Luigi Tosti compirà a breve 100 anni ma ancora ricorda con estrema lucidità quando, appena ventenne, si arruolò nella Folgore. Era la primavera del 1942 quando Luigi entrò a far parte dei paracadutisti, ignaro che da lì a qualche mese si sarebbe svolta la prima battaglia di El Alamein: “Si era formato un nuovo battaglione, eravamo tutti orgogliosi di essere paracadutisti e ci siamo subito fatti avanti per la missione”, ha raccontato ai microfoni de Il Giornale. Oggi il reduce vive a Latina con la moglie 96enne e mantiene vivo il ricordo degli anni che lo videro in prima linea. Al tempo stesso resta stupito di chi oggi lo considera un “criminale” sulla scia delle proteste che hanno interessato la statua di Montanelli a Milano dopo l’omicidio di George Floyd. “Ma quale razzismo, non siamo mica andati in Africa a portare la schiavitù, anzi, facevamo del bene a quella gente, il governo italiano assegnava i poderi e costruiva le strade, tanti si sposavano e rimanevano a vivere lì, se uno ti assegna una proprietà è schiavitù? Per me è libertà”, racconta l’uomo. Il reduce ha poi proseguito: “Noi sapevamo che l’Italia era entrata in guerra, andavamo a difendere la nostra patria, gli interessi italiani e il benessere della nostra gente, con tutto il rispetto per gli inglesi, ma noi non abbiamo mai depredato nessuno come invece hanno fatto loro”. Luigi ha sottolineato come il loro fosse piuttosto “un colonialismo umano”.

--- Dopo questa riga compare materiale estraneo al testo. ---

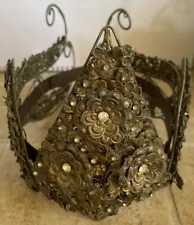 VINTAGE CROWN TIARA METAL BRASS PASTE RHINESTONES RARE ANTIQUE ESTATE COSTUME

LUIGI TOSTI, REDUCE EL ALAMEIN: IL RACCONTO DELLA GUERRA
Luigi Tosti ha poi ripercorso il periodo vissuto al fronte, quando di giorno si viveva nascosti mentre di notte uscivano allo scoperto “per sminare il terreno e preparare l’avanzata”. Dopo alcune settimane la divisione italiana fu scoperta dalle truppe neozelandesi che aprirono il fuoco e l’uomo rimase ferito ad una gamba, sopravvivendo pur costretto a fare ritorno in Italia. “La guerra è brutta, ma la rifarei se si trattasse, come allora, di difendere il mio Paese”, commenta ancora. Successivamente l’Italia firmò l’armistizio e lui decise di schierarsi al fianco degli angloamericani: “Non ero un fascista, ma rivendico tutto quello che ho fatto, in Africa abbiamo difeso la nostra gente, combattendo spalla a spalla con i neri”, rivendica oggi, “Combattere non è facile, ma io per la mia Italia metterei ancora a disposizione la vita”. Tornando a chi lo definisce un “criminale”, il reduce rigira la stessa descrizione a chi imbratta le statue al fine di cancellare la storia. Ed a chi, ancora, accusa l’Italia di aver depredato l’Africa, lui replica: “Perché non parlano delle foibe o dei crimini commessi dai marocchini in Ciociaria”. Luigi la guerra la sogna ancora di notte e rivela: “È stata una guerra sbagliata, in Sardegna un comandante un giorno mi confessò che Mussolini non voleva un conflitto e che l’ha fatto solo per salvare l’Italia dalla prospettiva di un’occupazione nazista”.